═══ Input material

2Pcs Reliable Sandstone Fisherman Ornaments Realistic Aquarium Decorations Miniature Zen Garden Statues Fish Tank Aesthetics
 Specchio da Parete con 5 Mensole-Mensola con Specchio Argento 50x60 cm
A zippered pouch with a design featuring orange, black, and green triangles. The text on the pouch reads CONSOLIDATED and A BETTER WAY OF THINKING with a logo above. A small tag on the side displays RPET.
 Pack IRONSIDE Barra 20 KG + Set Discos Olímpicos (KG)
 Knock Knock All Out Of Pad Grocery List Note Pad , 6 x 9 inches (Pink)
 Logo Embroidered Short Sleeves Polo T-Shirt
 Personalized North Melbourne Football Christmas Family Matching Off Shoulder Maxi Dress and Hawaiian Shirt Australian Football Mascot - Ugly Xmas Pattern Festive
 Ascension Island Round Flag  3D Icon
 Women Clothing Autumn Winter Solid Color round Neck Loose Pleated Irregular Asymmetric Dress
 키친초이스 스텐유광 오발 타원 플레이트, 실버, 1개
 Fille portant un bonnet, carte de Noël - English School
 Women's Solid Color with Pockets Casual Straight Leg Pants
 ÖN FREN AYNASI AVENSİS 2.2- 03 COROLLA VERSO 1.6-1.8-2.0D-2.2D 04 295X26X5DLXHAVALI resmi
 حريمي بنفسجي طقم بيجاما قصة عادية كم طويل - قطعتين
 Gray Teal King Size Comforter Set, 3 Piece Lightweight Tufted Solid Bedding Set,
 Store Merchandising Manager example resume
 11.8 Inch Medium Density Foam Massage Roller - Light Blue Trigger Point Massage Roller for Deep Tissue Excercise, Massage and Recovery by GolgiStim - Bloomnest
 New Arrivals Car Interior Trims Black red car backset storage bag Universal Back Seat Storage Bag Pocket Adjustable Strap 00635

══════

Among the records above, find the lines where the word "Women" appears and copy them.

*Response*.
 Women Clothing Autumn Winter Solid Color round Neck Loose Pleated Irregular Asymmetric Dress
 Women's Solid Color with Pockets Casual Straight Leg Pants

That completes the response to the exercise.